A friend says: “Whenever a progressive invokes the word “broken”, run and duck under a desk like a kid in a nuclear war test drill in the 1950s. Cause this time, it’s coming.”
Fred Siegel writes: Mayor Bill de Blasio has tried to be cautious when it comes to policing. He worries that a crime spike will produce an angry citywide reaction that would threaten his political career. But when it comes to welfare reform, the other great advance of the Giuliani/Bloomberg years, de Blasio shows no such caution. He has turned the city’s massive Human Resources Administration over to former Legal Aid Society attorney Steven Banks, a leading “welfare rights” advocate, whose principal contribution over the years has been to tie up the city in litigation.
De Blasio can be more aggressively liberal on welfare because most New Yorkers are barely aware of the policies that reduced the welfare rolls from 1.1 million, when Giuliani took over from de Blasio mentor David Dinkins, to the current 350,000. Giuliani’s reforms, devoted to getting people back to work, were so successful that 75 percent of those placed into jobs remained off welfare a year later. From 1994 to 2009, work rates for New York’s single mothers rose from 43 percent to 63 percent (during a period when workforce participation nationwide declined). Even after the 2008 recession, child poverty in New York City in 2011 was almost 10 percentage points lower than in 1993, the year before welfare reform began.
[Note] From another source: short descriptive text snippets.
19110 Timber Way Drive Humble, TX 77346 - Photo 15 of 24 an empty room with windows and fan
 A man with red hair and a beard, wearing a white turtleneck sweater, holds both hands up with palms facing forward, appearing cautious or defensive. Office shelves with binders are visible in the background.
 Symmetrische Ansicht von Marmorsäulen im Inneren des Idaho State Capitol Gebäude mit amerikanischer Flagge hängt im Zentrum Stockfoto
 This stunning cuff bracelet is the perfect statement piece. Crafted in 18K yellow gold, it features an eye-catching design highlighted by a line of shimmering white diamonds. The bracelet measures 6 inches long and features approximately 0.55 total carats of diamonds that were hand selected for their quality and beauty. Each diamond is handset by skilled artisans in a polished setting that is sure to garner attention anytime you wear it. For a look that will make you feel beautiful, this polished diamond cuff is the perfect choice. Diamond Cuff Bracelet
Now de Blasio proposes to replace these proven successes with policies that have already failed in the past. Reviving the hoary notion that entry-level work represents “dead-end jobs,” de Blasio suggests that people on welfare are owed more than an opportunity to work. Job training and “seat time” in a classroom will displace the current system of “rapid placement” into a job. The newly created Mayor’s Office of Workforce Development proposes a vast new program of job training and enhanced “education,” on the theory that a new version of the old failure will reduce inequality in New York. De Blasio’s plan, notes former Giuliani welfare commissioner Jason Turner, “acknowledges that welfare skills training does not work—but then goes on to recommend a ‘new and improved’ version.”